Earlier in the night, Diggs had presented the argument that gay sex (or more specifically sex between men, since the existence of gay women was all but ignored) poses a serious threat to public health. He lumped what should have been more broadly referred to as "sodomy" into a category he called "gay sex," and then proceeded to list diseases linked with it. This is all fine and dandy, but clearly his leaving men and women who participate in heterosexual anal sex out of his argument is quite a significant omission.

Diggs also chose to cite statistics that were limited in scope and specific to small groups of people. He defended studies from the Netherlands involving issues surrounding homosexuality as being obviously unbiased, his reasoning being that because same-sex civil unions have been legal there for over ten years, there has been sufficient time for homophobia to have disappeared. (Note: This must mean that racism no longer exists in the United States, given the forty years that have passed in which Blacks and Whites have had the same legal rights.) In summary, Diggs had little plausible back-up for his work, and when challenged on any detail of it, he could only refer dissenters to his online article (www.corporateresourcecouncil.com).

I walked out the doors of Pearson 104 with a heavy heart. This panel reaffirmed to me the existence of a group of people who hold hatred as the core of their system of beliefs. I am sure they would disagree with me on this. But I ask, how else are we to interpret their views? "Hatred" is defined as a feeling of dislike so intense that it demands action. This group of people insists, "There are only heterosexual people with homosexual problems."

They maintain that their views, not mine, define my sexuality, and approach the possibility of defining oneself as other than heterosexual with a great amount of scorn and anger. They name those who choose to call themselves Lesbian, Gay, Bisexual, or Transgender as the victims of a mental disorder rather than human beings with a healthy sense of who they are. Hatred was exactly the emotion expressed by the three gentlemen who spoke Wednesday night, and to say that this emotion is a dangerous inspiration is a gross understatement.

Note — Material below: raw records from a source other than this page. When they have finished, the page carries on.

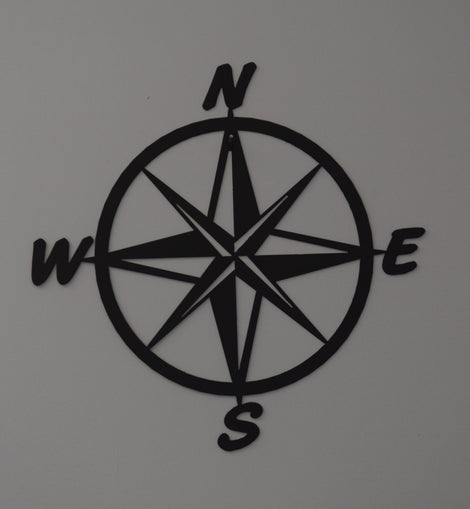 Buy Compass Online | Doc's Machine & Tool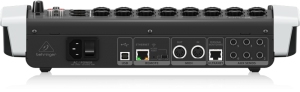 Behringer X18 цифровой микшер в Югорске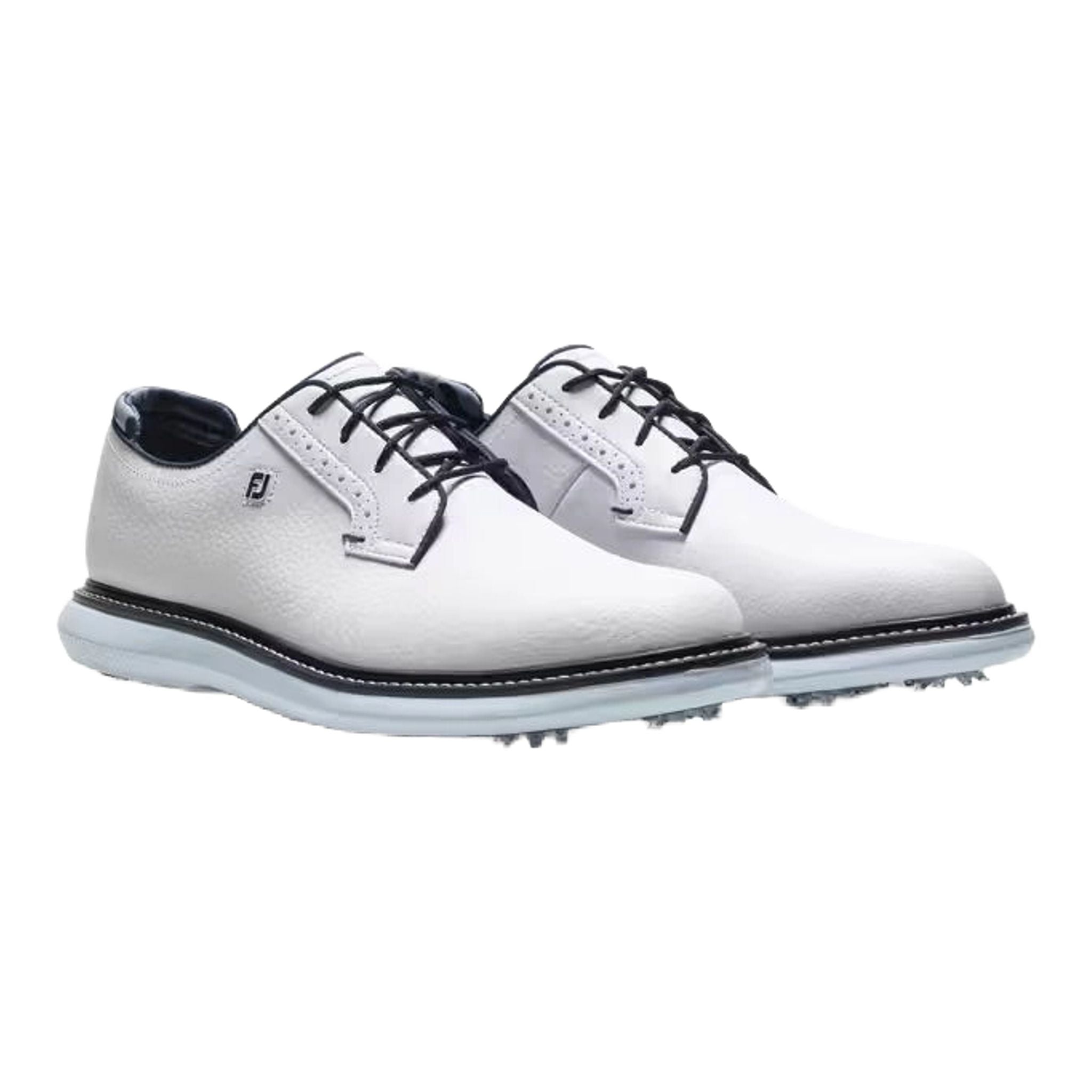 Footjoy Traditions Golfschuh Herren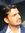 Dr Sanjay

I wanted to ask these three men what great threat the queer community poses to them. What threat is so frightening that it prompts them to spend their time working against people who simply want rights equal to those of every other American? Why does it matter to them who I fall in love with? Why do they care if I choose to have sex with a man or with a woman? Unfortunately the question and answer time was cut short by a half-hour, so many of these questions were left unanswered.

I did not leave the night completely disheartened. I felt strong in the presence of so many members of the LGBT community and their allies, and proud when I looked around the room to see so many rainbow pins displayed on shirts and backpacks. The overwhelming sense in the room, which prevailed over the vicious tone set by the panelists, was one of hope and support for each other as human beings. And to me, that is a much stronger message than anything posed by the three speakers Wednesday night.